WORK TASK → Only the lines below between the ones containing "2013 Chevrolet Silverado K2500 Heavy Duty LTZ" and "Adidas Leggins Country (negro/rojo/amarillo)", inclusive, are to be reproduced, each exactly as it stands.

DATA EXCERPTS →
=== Section Start ===

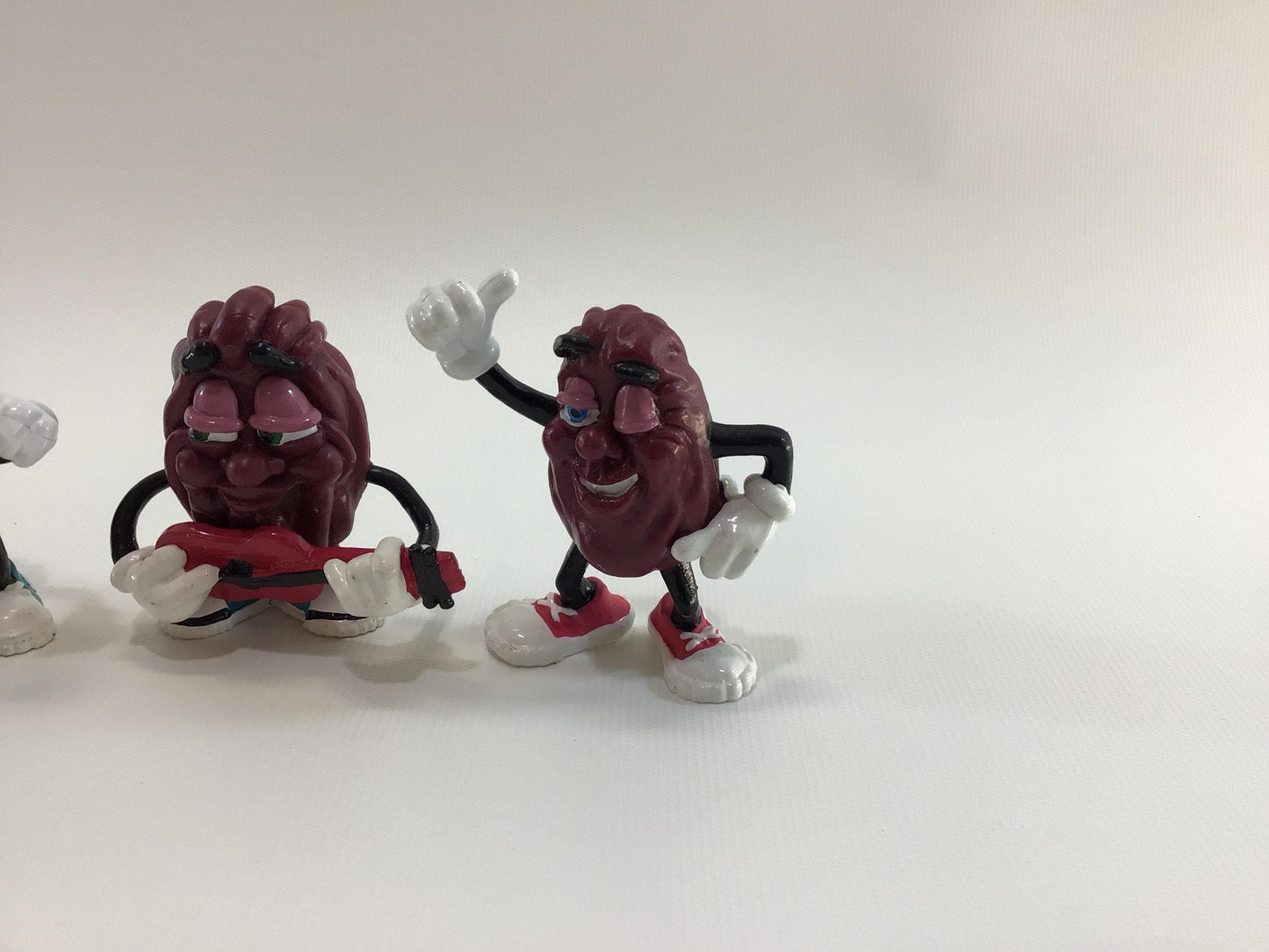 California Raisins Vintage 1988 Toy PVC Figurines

=== Section End ===
=== Section Start ===

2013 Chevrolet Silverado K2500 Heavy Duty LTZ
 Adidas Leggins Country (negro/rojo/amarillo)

=== Section End ===

ANSWER SPACE →
2013 Chevrolet Silverado K2500 Heavy Duty LTZ
 Adidas Leggins Country (negro/rojo/amarillo)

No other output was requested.